### [Exercise brief]
A word-for-word repetition of the records beneath this task is the expected answer.

Data records
______

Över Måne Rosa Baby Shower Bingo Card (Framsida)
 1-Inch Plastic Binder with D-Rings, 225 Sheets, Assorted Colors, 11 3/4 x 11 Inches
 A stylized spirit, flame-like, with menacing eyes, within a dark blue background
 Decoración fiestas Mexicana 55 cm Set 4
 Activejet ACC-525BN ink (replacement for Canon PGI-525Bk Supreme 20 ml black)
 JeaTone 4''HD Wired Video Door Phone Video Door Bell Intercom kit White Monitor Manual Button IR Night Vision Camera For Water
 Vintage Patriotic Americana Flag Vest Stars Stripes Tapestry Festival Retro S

______

### [Response box]
Över Måne Rosa Baby Shower Bingo Card (Framsida)
 1-Inch Plastic Binder with D-Rings, 225 Sheets, Assorted Colors, 11 3/4 x 11 Inches
 A stylized spirit, flame-like, with menacing eyes, within a dark blue background
 Decoración fiestas Mexicana 55 cm Set 4
 Activejet ACC-525BN ink (replacement for Canon PGI-525Bk Supreme 20 ml black)
 JeaTone 4''HD Wired Video Door Phone Video Door Bell Intercom kit White Monitor Manual Button IR Night Vision Camera For Water
 Vintage Patriotic Americana Flag Vest Stars Stripes Tapestry Festival Retro S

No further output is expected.